Thoughts on being a listener in residence.
For around ten years (until 2004, which seems more recent than that!), Kelsey Grammer played Dr Frasier Crane on the show “Frasier”, as a radio psychiatrist who welcomed each radio caller with the phrase “I’m listening”.
I am endlessly curious about people and ideas, and though in conversation I can often be energetic and full of ideas myself, my main reason is to stimulate ideas and energy in others so that I can listen to them once they get going in expressing themselves. Beyond social environments though, my role is as a professional listener.
For clarity, I am no psychiatrist, I am a trained coach, from which I carry a belief that the client has the answers within them, so my role is to ask the right questions, sometimes stimulate thought by sharing related or even tangential stories from my own experience and expertise, all in service of the client and supporting them around what they are focussed on.

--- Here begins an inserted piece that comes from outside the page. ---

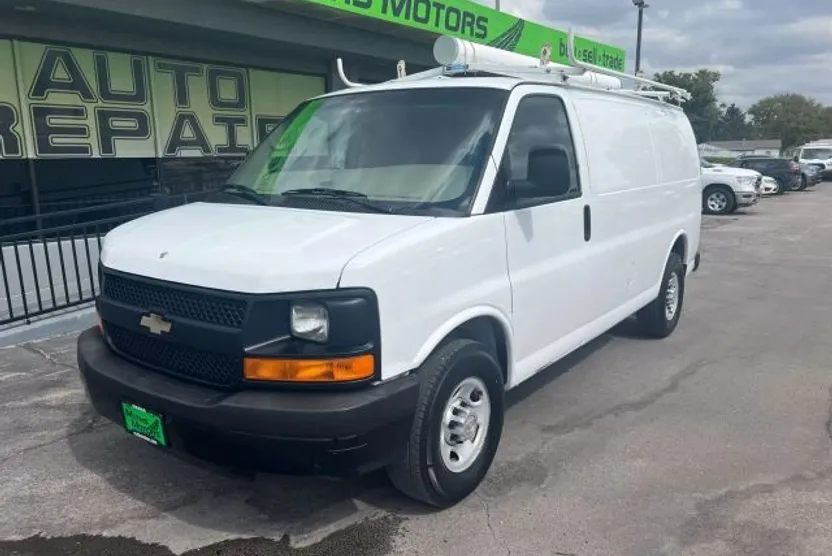 2013 Chevrolet Express 2500 Cargo Van photo 1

Whatever I am doing or saying, though, I am always, always listening.
This thought takes me back to 2018 when I first went to the Modern Elder Academy in Mexico at the invitation of Chip Conley. I was quite organically asked to listen to almost all of the cohort to help them work something out for themselves. As the week went by, I even seemed to sit in the same chair at the same time of day, then someone would inevitably come to sit with me and talk.

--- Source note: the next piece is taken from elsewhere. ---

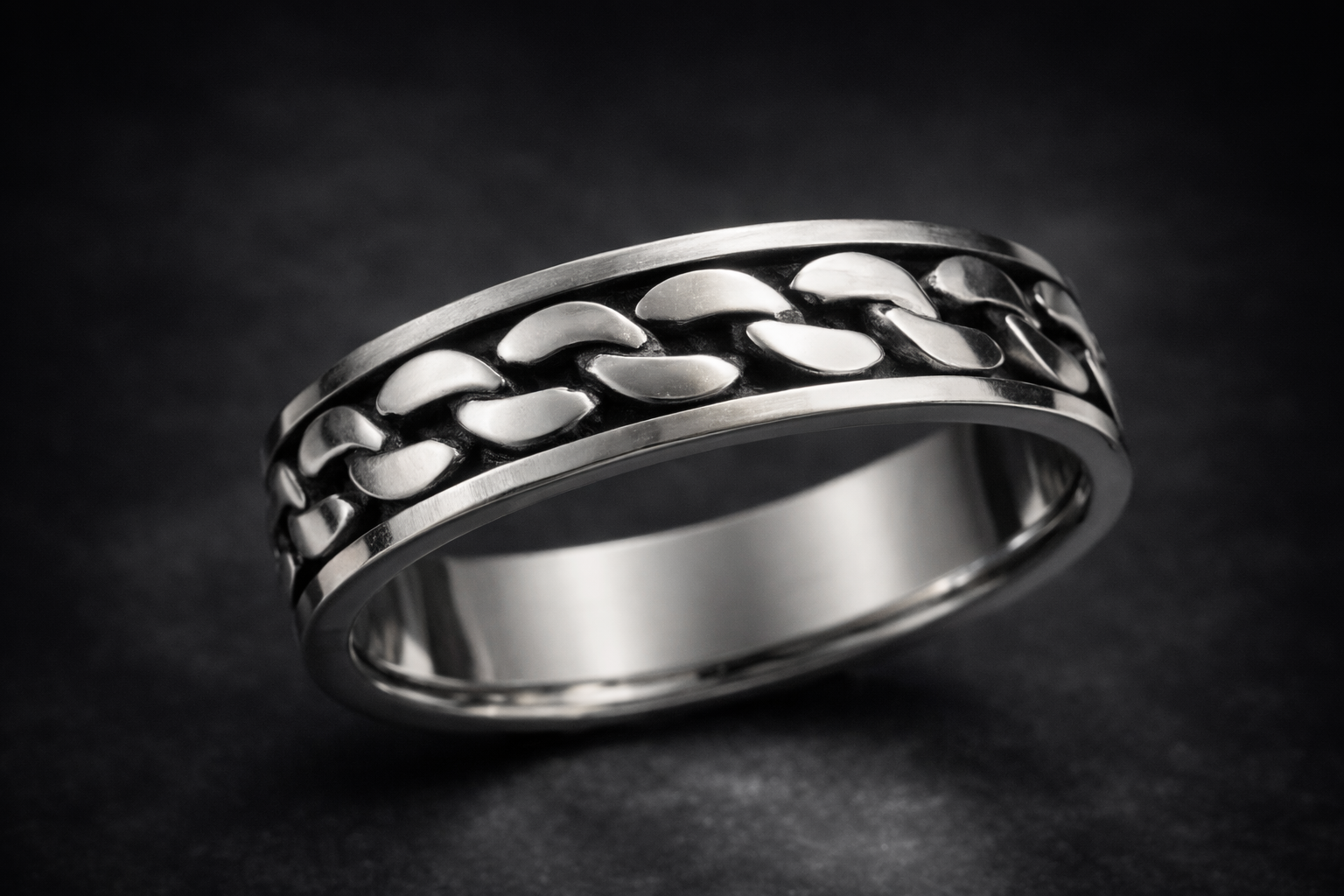 Anillo de plata eslabonado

More recently, I have proposed to the curator of a similarly residential retreat to offer my time to them for a week this year, not as a member of their faculty presenting to the cohort that week, but simply as a “listener in residence”. I am interested in what happens when someone is given that role without further explanation to those in attendance.
Today I am about to get on a flight home to Cayman for a week, where I’ll be working with clients based there as well as meeting up with various family, friends and business contacts. I look forward to a week with much stimulating listening!